Değil tabi ki... 8 Şubat’ta başlayacak yarışmanın sunuculuğunu üstlenen Hakan Yılmaz’ın da bir izleyici kitlesi var, ama Mehmet Ali Erbil’le kulvarları farklı...
Mehmet Ali Erbil’in FOX’ta başlamamasına en çok sevinen Star TV’nin İçerik Müdürü Ömer Özgüner olmuştur.
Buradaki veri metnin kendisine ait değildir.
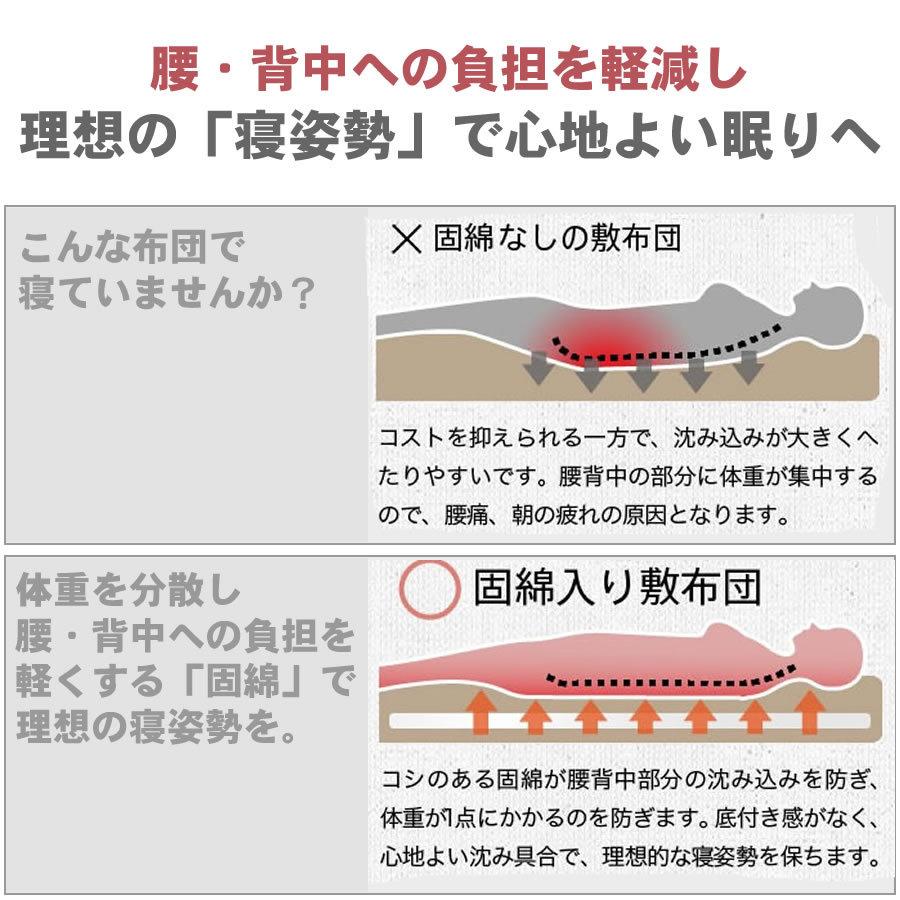 工場直販・卸価格】日本製 合繊敷き布団 (固綿入) ダブル (140x210) 洗える :S-DL11:布団の夢眠 ヤフー店 - 通販 - Yahoo!ショッピング 工場直販・卸価格】日本製 合繊敷き布団 (固綿入) ダブル (140x210) 洗える :S-DL11:布団の夢眠 ヤフー店 - 通販 - Yahoo!ショッピング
Gazeteci Özkan Tamirak, Beyaz TV’deki “Söylemezsem Olmaz”a konuktu dün sabah... Polisin yakında, aralarında artık bağımlı olmuş ünlülerle ve şarkıcıların da olduğu üçüncü dalga uyuşturucu operasyonunu yapacağını açıklayan Tamirak’ın anlattıklarından iki çarpıcı olayı not aldım ve paylaşmak istedim:
1: “Çağatay Ulusoy’u polis uyuşturucudan gözaltına aldığında, tarihinde ilk kez emniyetin telefon santrali kilitlendi. Ulusoy’un fanları, ‘Onun yerine ben yatayım’, ‘Çağatay üşür orada, battaniye yollayayım’, ‘Acıkmıştır, yemek getirmek istiyorum’ diye emniyete telefon yağdırdı.”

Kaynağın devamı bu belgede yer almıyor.